Anyway, I vividly remember this dark haired boy with a cast from his shoulder to his wrist jumping on the bounce house and using his cast to push all the other kids around.
We were fast friends.
There’s a ten year period of my life where I can’t really remember doing anything without Tyler being involved somehow. Our families went on vacation together every year, our first sleepovers were at each others houses, we were together all the time.
Our mothers will tell this story that, one time, they brought all us kids over to Collingwood park and while they stood by the playground with our younger siblings, Tyler and I were running around in the field. And all seemed well, until they really looked at us and they realized we were beating the hell out of each other. So they rushed out into the field and pulled us apart, and the next day were were playing together again.

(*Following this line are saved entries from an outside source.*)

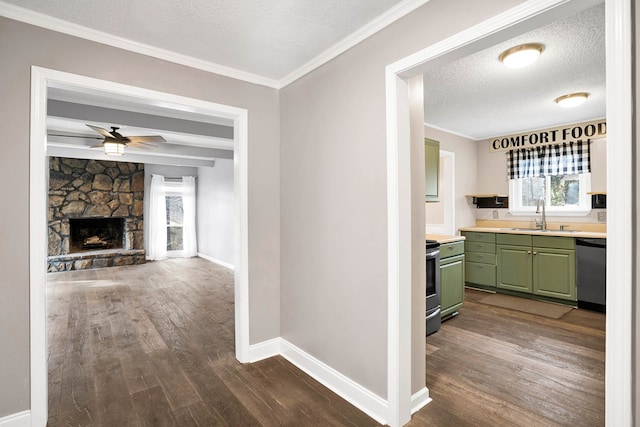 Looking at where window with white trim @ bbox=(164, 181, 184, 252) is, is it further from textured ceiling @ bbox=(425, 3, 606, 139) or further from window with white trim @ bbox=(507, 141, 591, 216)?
window with white trim @ bbox=(507, 141, 591, 216)

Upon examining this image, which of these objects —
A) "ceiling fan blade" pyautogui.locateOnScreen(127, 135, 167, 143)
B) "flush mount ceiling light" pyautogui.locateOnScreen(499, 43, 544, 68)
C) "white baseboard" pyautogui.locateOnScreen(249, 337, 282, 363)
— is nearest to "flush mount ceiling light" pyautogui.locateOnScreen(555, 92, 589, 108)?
"flush mount ceiling light" pyautogui.locateOnScreen(499, 43, 544, 68)

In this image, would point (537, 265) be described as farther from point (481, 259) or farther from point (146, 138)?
point (146, 138)

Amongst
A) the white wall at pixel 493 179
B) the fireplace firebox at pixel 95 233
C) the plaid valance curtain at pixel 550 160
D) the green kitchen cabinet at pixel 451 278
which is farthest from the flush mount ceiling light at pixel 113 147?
the plaid valance curtain at pixel 550 160

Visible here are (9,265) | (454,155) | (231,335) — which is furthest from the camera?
(454,155)

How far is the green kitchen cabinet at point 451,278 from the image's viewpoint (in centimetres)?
353

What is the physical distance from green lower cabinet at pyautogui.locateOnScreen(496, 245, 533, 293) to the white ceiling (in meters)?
2.10

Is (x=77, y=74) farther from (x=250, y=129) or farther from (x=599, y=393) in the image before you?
(x=599, y=393)

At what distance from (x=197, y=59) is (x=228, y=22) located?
24.4 inches

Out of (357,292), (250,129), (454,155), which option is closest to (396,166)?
(357,292)

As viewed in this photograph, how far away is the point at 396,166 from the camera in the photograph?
1.92m

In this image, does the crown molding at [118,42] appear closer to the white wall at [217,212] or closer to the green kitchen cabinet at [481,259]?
the green kitchen cabinet at [481,259]

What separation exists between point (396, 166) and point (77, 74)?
2.10m

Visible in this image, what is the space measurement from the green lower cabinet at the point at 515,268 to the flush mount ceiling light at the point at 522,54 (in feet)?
9.37

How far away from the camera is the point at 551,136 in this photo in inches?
189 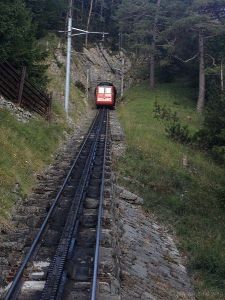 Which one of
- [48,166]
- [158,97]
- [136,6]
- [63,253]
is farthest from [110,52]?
[63,253]

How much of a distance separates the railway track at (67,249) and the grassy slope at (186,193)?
2.57 meters

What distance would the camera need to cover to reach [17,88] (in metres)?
23.8

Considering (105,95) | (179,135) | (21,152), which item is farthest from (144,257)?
(105,95)

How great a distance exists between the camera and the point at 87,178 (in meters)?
16.3

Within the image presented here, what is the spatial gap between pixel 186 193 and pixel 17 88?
1032cm

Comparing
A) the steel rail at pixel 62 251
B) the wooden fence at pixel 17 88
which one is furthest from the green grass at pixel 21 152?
the steel rail at pixel 62 251

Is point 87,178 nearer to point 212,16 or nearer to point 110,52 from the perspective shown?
point 212,16

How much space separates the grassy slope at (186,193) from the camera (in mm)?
12188

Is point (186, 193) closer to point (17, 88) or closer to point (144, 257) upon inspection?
point (144, 257)

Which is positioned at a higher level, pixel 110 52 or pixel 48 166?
pixel 110 52

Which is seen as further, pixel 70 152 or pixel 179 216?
pixel 70 152

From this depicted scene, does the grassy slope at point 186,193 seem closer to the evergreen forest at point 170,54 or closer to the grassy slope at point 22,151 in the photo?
the evergreen forest at point 170,54

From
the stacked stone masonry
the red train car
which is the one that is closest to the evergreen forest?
the stacked stone masonry

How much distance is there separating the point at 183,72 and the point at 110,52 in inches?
700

That is to say: I always felt like Tyler was more of a brother than a friend.
Another confession – during that same ten year period, if I ever got in trouble and some concerned adult asked for my name and my parents name, I never hesitated to say “My name is Tyler Gray, and my parents are Larry and Janet Gray.”
Tyler got in plenty of enough trouble on his own, but Larry and Janet, you probably received at least a few phone calls that were about me and not Tyler.
There are things we did in life that I know we did only because the other one did it. Tyler and I were in cub scouts together and we came to this church for a time on Sunday afternoons to earn our God and Me badge, we went through confirmation together and knelt at this altar in order to respond to God’s grace and mercy, both of which I am sure Tyler did because I did it.
Similarly, Tyler enrolled in German when we were in high school just as I did, and I know for a fact that Tyler never learned a single word. I know he learned nothing because I helped him cheat on every single test and even when he was called upon to stand and respond to our teacher’s questions Auf Deutsch, I would whisper the answer to him and he always answered with a smile on his face.
Entschuldigung Frau.
And it went both ways; I am sure that I signed up to play Ft. Hunt baseball, basketball, and lacrosse because Tyler did. I listened to a lot of punk music in middle school only because Tyler talked about it all the time. I even used to wake up early every morning before school so that I could ride my bike to the Gray’s house and then walk up the hill to ride the bus with Ty.
I wanted to spend as much time with him as I possibly could.
Because I loved him, and he loved me.
The latter part of high school was rough for Tyler and he went through a lot. So much so that there was a time that we didn’t speak to one another. But when we finally reconnected, one of the first things he told me was that he met a girl on the ski trip.
Sure you did, I thought.
But then he kept talking about Laura, and spent time with Laura, and Tyler started to change, for the better. He became a version of himself that I think he always wanted. In you he found himself. You were the light in his darkness. Your marriage and your girls are a testament to who Tyler became.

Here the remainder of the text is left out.